Ingredients/Passion Fruit icing
1 tbs butter
1 tsp passion fruit nectar
1 passion fruit (mine was the size of an apricot)
1 cup of sifted powdered sugar

To make the cake, take out 2 muffin tins and grease the top edge of the holders and then line with cupcake papers.  Preheat the oven to 350 degrees.

Place butter and sugar in a large mixing bowl and beat with electric mixer until the batter becomes light and fluffy.  It should take about 3 minutes on medium speed.  Set aside.

In another bowl, sift flour, salt and baking power together.  Sift one more time. Then pour half of this dry mixture into the sugar batter.  Fold the flour into the batter by using a spatula or wooden spoon until no dry streaks remain. Stir in the fruit nectar until well blended.

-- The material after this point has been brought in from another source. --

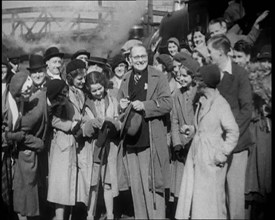 People Standing at  a Train Station, 1933. Creator: British Pathe Ltd.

Pour the remaining dry flour mixture into the batter and mix thoroughly.  If using food coloring, stir in a few drops at a time, checking the color.  Continue adding drops and stirring until desired color is met.  Set aside..

Pull out another bowl and fill with egg whites and cream of tartar.  Using clean mixer beaters, whip eggs whites on high until stiff peaks are formed but mixture is still shiny and not dry.  Fold the egg whites into the batter with a spatula until evenly blended.

Fill the cavities of the prepared pan and bake for 20-25 minutes or until tester comes out clean.  Cool in pan for 2 minutes.  Then remove cupcakes and place on rack to finish cooling.

After the cupcakes have cooled, use a knife or cupcake corer to take out a small cylinder or cone of cake from the center of the cupcake.  Now you are prepared for the next step of the filling.

To make the filling, place a saucepan over medium high heat.  Put the cream and the butter in the saucepan and let cook until it comes to a rolling boil.  Then add the chocolate and stir for 1 minute and remove from heat.  Continue to stir an additional 5 minutes.  This will result in a smooth and shiny filling.  Set aside and let cool to room temperature.

After the filling has cooled, get out a gallon freezer bag and cut off a small piece of the corner.  Using a large spoon, put filling into bag. Then pipe chocolate into cupcake cavities until chocolate reaches the top.  Let filled cupcakes sit for at least an hour before frosting.

To prepare the filling, cut passion fruit in half and pull out interior fruit and place in a blender.  Pulse a few times and then put into a mesh strainer.  Push pulp through strainer into a small bowl, leaving the seeds behind.

Add sugar, butter and pulp to a small bowl and beat with an electric mixer.  Add the nectar and beat again.  At this point you can add more nectar or add more sugar-depending on what consistency you want.  However, you do not want a grainy texture nor do you want the sugar to overpower the flavor of the passion fruit.  My icing was, as you can see by the picture, medium texture.  It was not thick and stiff nor was it like a glaze.

Decorate and frost cupcakes as desired.  I added sprinkles on top of the frosting.